HE SAYS WORK IN CLEAN ROOMS WAS `DIRTY JOB'
By Elise Ackerman
Mercury News
Posted on Wed, Dec. 03, 2003
A former IBM engineer testified Tuesday that working in the company's San Jose clean rooms was a ``dirty job,'' where hazardous chemicals stained floor tiles, discolored machines and splashed workers.
William Sprague took the stand in Santa Clara County Superior Court in a case brought against the computer company by two former employees who contend chemicals used in IBM's manufacturing processes caused them to develop cancer. IBM maintains its plants are safe.

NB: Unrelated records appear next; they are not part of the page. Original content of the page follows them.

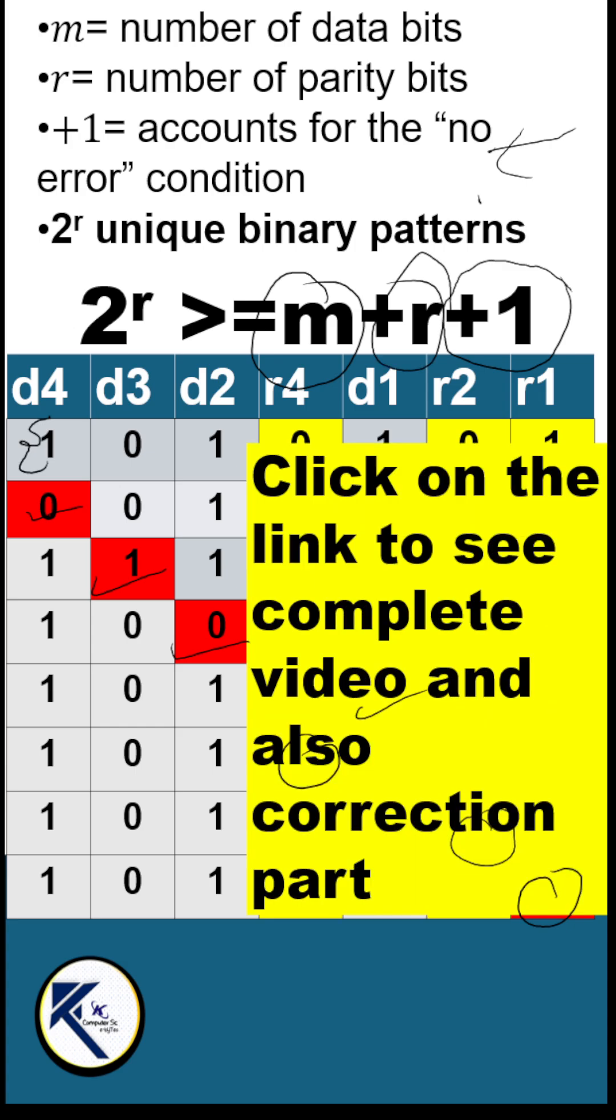You can click on the link to see the complete video and also the correction part. Thank you.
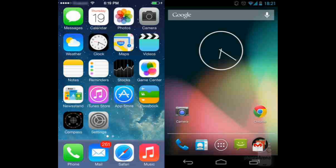The iOS 7 approach to folders is more elegant, as there is virtually no limit to how many apps a user can place in one. On Android's stock form there is a limit of 16 apps per folder, which isn't bad but is a drawback nonetheless. The layout of an iOS 7 home screen is well designed, but perhaps it's all a bit too static.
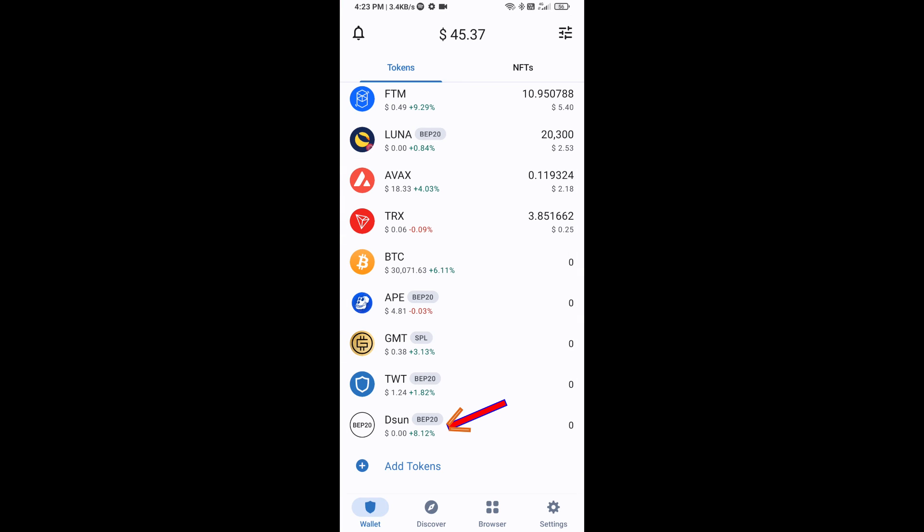Now this token has been added successfully on Trust Wallet. Thanks for watching.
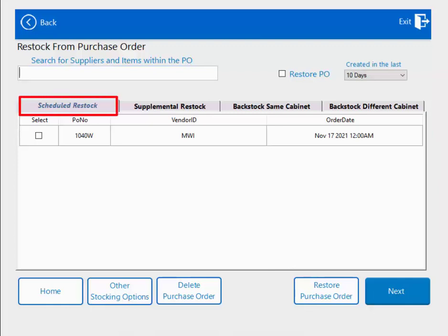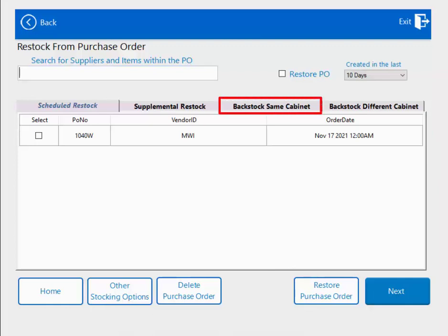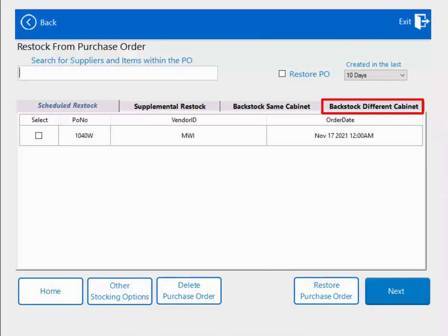The first tab is for a scheduled restock — this is when a supplier purchase order is waiting to be replenished, for items that either do not have a backstock or for replenishment of backstock inventory. Scheduled restock purchase orders are set up in MyKeyLink under the purchasing tab. The next tab is for supplemental restock, used when restocking outside of a purchase order. The backstock same cabinet tab is when backstock and active stock are in the same cabinet, and the backstock different cabinet tab is when backstock is in one Qubex cabinet and active stock is in another.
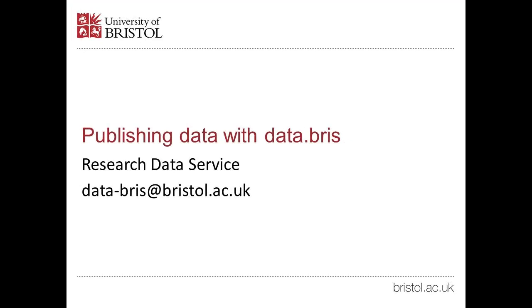Welcome to this short guide to publishing data using the data.bris research data repository. We'll show you how to complete a deposit form and how to request publication.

Testimony in the suit filed by Alida Hernandez, 73, and James Moore, 62, has been constrained by the requirements of California workers' compensation law. The law allows employees to seek civil damages under a specific set of circumstances: They must prove that they were injured on the job, that their employer knew of their injuries, concealed that knowledge from them and that their injuries worsened as a result.
Jurors didn't hear
Because the information was deemed not relevant, Sprague was not allowed to tell jurors about a conversation he had with his manager about his fear that bad-smelling chemicals in the clean room might be toxic.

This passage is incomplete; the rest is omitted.